Work instruction
Give again, word for word, every line in the entries below from the line with "Opel Mokka-e Elegance" up to and including the line with "AIR MODEL CLUB DU LOIRET", and no other line.

(Source records)
* * *

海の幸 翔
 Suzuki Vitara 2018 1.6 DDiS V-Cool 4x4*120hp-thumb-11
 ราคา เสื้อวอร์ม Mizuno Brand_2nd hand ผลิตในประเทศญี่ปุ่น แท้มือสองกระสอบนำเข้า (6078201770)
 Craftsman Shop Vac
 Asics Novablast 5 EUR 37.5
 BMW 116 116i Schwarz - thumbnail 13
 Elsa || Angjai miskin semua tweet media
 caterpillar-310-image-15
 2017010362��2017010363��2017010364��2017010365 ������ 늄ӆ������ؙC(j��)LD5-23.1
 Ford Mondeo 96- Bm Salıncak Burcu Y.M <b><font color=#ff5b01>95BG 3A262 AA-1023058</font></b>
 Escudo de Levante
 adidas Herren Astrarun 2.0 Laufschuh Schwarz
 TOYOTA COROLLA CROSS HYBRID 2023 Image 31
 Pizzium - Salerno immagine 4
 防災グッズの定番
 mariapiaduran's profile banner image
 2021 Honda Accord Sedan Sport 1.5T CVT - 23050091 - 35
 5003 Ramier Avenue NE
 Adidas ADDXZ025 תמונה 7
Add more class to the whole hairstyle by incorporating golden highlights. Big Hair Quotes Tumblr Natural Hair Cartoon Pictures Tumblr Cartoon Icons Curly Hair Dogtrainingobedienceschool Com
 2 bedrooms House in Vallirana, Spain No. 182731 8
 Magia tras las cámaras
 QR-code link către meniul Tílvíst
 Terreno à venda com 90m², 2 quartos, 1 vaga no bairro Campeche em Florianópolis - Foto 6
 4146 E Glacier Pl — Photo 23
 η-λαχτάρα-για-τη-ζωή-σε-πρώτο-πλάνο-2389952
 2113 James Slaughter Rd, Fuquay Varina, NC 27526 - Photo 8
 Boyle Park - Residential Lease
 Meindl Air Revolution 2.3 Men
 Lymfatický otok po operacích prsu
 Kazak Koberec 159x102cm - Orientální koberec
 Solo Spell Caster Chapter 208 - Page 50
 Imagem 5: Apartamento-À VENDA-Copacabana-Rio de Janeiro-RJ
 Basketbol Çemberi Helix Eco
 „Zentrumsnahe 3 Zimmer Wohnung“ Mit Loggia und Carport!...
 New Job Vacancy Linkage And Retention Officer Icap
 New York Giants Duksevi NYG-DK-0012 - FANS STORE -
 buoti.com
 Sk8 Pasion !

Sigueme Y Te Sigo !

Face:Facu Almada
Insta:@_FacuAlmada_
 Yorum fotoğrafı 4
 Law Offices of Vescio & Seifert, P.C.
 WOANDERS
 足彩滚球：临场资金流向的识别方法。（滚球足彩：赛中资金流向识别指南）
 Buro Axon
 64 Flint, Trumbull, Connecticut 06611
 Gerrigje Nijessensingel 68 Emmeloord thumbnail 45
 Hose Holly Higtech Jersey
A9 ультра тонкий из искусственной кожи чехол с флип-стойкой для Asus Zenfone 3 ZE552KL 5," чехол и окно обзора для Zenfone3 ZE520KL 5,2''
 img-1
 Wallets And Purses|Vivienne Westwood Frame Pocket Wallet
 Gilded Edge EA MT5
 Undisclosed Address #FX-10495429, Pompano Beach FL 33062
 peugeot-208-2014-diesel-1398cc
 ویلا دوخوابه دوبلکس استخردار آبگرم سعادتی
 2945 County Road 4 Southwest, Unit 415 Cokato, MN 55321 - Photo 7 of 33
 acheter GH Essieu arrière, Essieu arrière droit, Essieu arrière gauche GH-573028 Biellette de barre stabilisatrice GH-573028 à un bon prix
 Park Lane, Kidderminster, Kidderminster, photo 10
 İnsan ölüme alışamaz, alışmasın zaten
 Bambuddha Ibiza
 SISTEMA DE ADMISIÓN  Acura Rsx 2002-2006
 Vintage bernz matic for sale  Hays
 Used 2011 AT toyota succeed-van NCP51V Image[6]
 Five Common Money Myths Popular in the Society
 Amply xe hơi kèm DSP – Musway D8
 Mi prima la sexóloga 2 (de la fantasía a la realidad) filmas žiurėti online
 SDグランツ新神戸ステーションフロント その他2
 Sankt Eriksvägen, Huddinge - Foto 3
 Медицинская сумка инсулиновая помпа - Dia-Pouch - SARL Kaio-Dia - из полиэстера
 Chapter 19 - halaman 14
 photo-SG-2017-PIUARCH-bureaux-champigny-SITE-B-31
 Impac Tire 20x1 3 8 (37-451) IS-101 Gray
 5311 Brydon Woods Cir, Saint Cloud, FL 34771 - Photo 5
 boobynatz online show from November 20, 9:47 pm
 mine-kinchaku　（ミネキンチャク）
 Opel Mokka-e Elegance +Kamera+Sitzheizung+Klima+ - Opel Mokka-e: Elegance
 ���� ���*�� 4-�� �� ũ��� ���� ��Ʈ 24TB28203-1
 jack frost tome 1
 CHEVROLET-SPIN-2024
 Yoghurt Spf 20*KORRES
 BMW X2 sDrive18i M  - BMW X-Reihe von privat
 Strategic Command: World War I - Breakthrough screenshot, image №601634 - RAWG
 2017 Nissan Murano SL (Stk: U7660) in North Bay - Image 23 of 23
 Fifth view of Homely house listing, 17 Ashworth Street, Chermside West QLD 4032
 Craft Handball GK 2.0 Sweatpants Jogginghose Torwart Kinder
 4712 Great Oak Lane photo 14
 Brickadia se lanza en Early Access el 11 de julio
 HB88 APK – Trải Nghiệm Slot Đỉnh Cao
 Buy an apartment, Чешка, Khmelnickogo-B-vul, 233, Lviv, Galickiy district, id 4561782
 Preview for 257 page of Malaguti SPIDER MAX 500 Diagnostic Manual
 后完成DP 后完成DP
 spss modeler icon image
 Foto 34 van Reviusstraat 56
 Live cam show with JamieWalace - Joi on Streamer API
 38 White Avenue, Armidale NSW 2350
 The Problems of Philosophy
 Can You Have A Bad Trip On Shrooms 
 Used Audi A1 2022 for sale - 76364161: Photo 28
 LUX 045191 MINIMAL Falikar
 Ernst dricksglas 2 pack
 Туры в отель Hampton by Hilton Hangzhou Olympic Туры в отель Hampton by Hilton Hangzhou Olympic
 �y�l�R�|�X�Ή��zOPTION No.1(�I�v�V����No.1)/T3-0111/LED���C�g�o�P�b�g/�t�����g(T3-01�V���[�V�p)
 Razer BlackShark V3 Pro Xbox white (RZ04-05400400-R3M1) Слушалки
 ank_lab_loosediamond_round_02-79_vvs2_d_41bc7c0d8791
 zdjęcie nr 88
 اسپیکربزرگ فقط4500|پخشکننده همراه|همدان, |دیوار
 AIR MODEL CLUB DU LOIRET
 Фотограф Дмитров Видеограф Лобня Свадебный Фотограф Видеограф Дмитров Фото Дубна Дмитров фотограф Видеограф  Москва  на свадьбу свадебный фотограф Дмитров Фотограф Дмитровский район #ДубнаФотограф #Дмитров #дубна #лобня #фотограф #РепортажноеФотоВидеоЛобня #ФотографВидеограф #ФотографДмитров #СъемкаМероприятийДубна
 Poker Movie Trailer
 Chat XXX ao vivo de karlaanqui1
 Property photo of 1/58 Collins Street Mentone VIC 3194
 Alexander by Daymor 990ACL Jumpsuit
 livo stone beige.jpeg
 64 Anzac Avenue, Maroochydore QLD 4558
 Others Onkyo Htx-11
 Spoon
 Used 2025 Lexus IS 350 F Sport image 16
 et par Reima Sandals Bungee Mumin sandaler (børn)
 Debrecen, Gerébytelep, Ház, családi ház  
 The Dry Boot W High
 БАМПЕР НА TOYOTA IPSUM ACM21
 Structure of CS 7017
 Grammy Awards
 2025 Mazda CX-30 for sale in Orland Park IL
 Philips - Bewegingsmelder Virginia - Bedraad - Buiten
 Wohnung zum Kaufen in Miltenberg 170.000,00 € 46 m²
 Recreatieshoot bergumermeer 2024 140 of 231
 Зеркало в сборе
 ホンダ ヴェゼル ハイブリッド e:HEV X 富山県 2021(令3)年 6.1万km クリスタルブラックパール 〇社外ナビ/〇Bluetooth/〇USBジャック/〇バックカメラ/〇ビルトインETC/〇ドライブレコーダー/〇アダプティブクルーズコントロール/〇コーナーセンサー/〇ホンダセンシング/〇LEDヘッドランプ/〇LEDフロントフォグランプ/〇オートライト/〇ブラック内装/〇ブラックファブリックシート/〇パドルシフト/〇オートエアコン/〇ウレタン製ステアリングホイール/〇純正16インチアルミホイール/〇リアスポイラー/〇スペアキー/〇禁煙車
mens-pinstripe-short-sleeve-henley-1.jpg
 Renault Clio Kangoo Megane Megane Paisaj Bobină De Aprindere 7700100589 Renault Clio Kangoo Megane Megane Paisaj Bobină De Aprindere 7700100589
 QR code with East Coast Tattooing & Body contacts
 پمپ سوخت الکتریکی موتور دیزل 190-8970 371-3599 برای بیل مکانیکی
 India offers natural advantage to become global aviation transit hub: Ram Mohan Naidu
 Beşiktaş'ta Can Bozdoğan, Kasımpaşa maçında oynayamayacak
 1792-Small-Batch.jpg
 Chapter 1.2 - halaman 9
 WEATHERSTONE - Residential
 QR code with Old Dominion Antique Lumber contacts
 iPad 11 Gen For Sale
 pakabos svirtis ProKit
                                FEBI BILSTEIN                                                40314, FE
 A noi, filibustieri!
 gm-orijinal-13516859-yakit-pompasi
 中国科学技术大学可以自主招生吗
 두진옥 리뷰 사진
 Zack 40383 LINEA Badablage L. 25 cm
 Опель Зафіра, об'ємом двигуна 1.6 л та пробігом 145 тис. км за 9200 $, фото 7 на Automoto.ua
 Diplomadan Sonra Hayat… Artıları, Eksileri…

* * *

Response below
 Opel Mokka-e Elegance +Kamera+Sitzheizung+Klima+ - Opel Mokka-e: Elegance
 ���� ���*�� 4-�� �� ũ��� ���� ��Ʈ 24TB28203-1
 jack frost tome 1
 CHEVROLET-SPIN-2024
 Yoghurt Spf 20*KORRES
 BMW X2 sDrive18i M  - BMW X-Reihe von privat
 Strategic Command: World War I - Breakthrough screenshot, image №601634 - RAWG
 2017 Nissan Murano SL (Stk: U7660) in North Bay - Image 23 of 23
 Fifth view of Homely house listing, 17 Ashworth Street, Chermside West QLD 4032
 Craft Handball GK 2.0 Sweatpants Jogginghose Torwart Kinder
 4712 Great Oak Lane photo 14
 Brickadia se lanza en Early Access el 11 de julio
 HB88 APK – Trải Nghiệm Slot Đỉnh Cao
 Buy an apartment, Чешка, Khmelnickogo-B-vul, 233, Lviv, Galickiy district, id 4561782
 Preview for 257 page of Malaguti SPIDER MAX 500 Diagnostic Manual
 后完成DP 后完成DP
 spss modeler icon image
 Foto 34 van Reviusstraat 56
 Live cam show with JamieWalace - Joi on Streamer API
 38 White Avenue, Armidale NSW 2350
 The Problems of Philosophy
 Can You Have A Bad Trip On Shrooms 
 Used Audi A1 2022 for sale - 76364161: Photo 28
 LUX 045191 MINIMAL Falikar
 Ernst dricksglas 2 pack
 Туры в отель Hampton by Hilton Hangzhou Olympic Туры в отель Hampton by Hilton Hangzhou Olympic
 �y�l�R�|�X�Ή��zOPTION No.1(�I�v�V����No.1)/T3-0111/LED���C�g�o�P�b�g/�t�����g(T3-01�V���[�V�p)
 Razer BlackShark V3 Pro Xbox white (RZ04-05400400-R3M1) Слушалки
 ank_lab_loosediamond_round_02-79_vvs2_d_41bc7c0d8791
 zdjęcie nr 88
 اسپیکربزرگ فقط4500|پخشکننده همراه|همدان, |دیوار
 AIR MODEL CLUB DU LOIRET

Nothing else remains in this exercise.